Hebert Doust Curtis (1872-1942) est né à Muskegon dans le Michigan. Son père Orson Blair surnommé Curtis est marié avec Sarah Elise Doust. C’est un ancien combattant de la guerre de sécession qui s’est battu avec les forces de l’Union dirigées par Abraham Lincoln. Herbert fréquente l’école primaire à Détroit, puis se rend à l’université où il obtient son baccalauréat es-art au bout de trois ans. Il y passe une année supplémentaire et obtient une maitrise es-art et langues classiques. Apparemment rien ne le prédispose à devenir astronome, d’autant que durant ses quatre années d’études il n’a jamais poussé la porte de l’observatoire de son université. Avec son diplôme en poche, il devient instituteur à Detroit Latine High School puis, six mois plus tard, enseigne le latin et le grec au Napa College, petite institution méthodiste située à proximité de San Francisco en Californie. C’est dans ce collège qu’il découvre l’astronomie en observant le ciel avec une lunette. Il se marie en 1895 avec Mary D.Raper qui lui donne quatre enfants. En 1896, son collège fusionne avec le Pacific Collège de San José et l’année suivant Doust Curtis commence à enseigner les mathématiques et l’astronomie. Parallèlement, pour se perfectionner durant les vacances scolaires, il passe les étés de 1897 et 1898 à l‘observatoire Lick en Californie et retourne à l‘université du Michigan durant l'été 1899 pour étudier la mécanique céleste. En 1900, Curtis assiste à une éclipse en Géorgie, dans le cadre d’une expédition organisée par l’observatoire de Lick. Il rencontre alors des astronomes issus d'autres institutions et, en particulier, de l‘université de Virginie. Encouragé à y suivre des études supérieures, il obtient une bourse et déménage pour aller à Charlottesville avec sa famille. Il obtient un doctorat qui lui permet de revenir à Lick où il est embauché à l’observatoire. Il y restera durant les dix huit années qui suivirent.

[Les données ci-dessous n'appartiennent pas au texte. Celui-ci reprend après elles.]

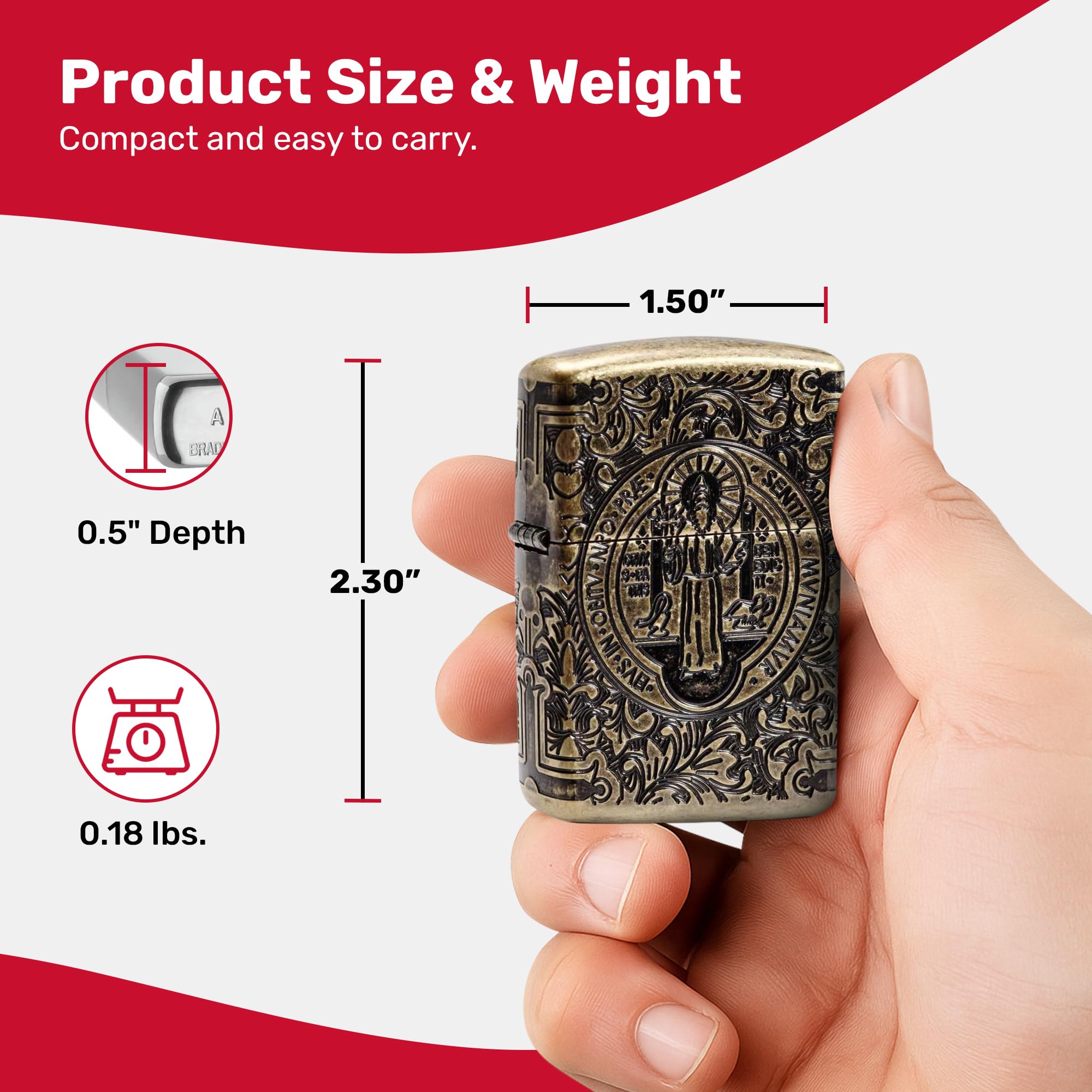 Zippo Cross Pocket Lighter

Durant son séjour à Lick, Doust Curtis aborde différents domaines. Il réalise des études photographiques du ciel profond, (comme en atteste le cliché de Horsehead ci-contre), il étudie les vitesses radiales des étoiles brillantes et recueille de nombreux spectrogrammes. Sa contribution principale dans le domaine de l’astronomie est constitué d’un ensemble de mémoires qu’il publie entre 1910 et 1920. Cette dernière année, il défend son point de vue  sur la structure de l’Univers, à l’occasion d’un exposé de quarante cinq minutes qu’il présente à la  National Academy of Sciences . Au cours de cette même réunion, un jeune astronome prometteur, Harlow Shapley, bénéficie du même temps de parole pour soutenir sa thèse qui s’avère contradictoire. Bien que cette échange fut baptisée « le grand débat », il n’y eut pas en réalité de véritable débat formel entre les deux hommes. Cependant leurs positions divergentes interpellent la communauté astronomique. Chacun essaiera de se déterminer. Au-delà de l’aspect scientifique, certains verront l’expression plus symbolique d’une humanité en quête sa véritable place dans l’ordre cosmique d’un univers qui soudain apparaissait bien plus gigantesque qu’on ne l’avait supposé jusqu’alors.

Ce « Grand Débat » se fonde sur une astronomie dite observationnelle. Il porte sur la nature et la situation dans l’Univers de ce que l’on appelait encore nébuleuses et qui, en fait, se sont avérées être des galaxies situées en dehors de la voie lactée. Pour Harlow Shapley, l’univers observable ne peut s’étendre au-delà de la voie lactée, alors que pour Doust Curtis, qui se base sur des observations de novae effectuées dans la galaxie d’Andromède, il était possible de dépasser la limite que fixait son contradicteur. Dans leurs argumentations respectives, les deux astronomes ne s’appuient pas seulement sur leurs propres travaux mais intègrent également les résultats déjà obtenus par certains de leurs collègues. 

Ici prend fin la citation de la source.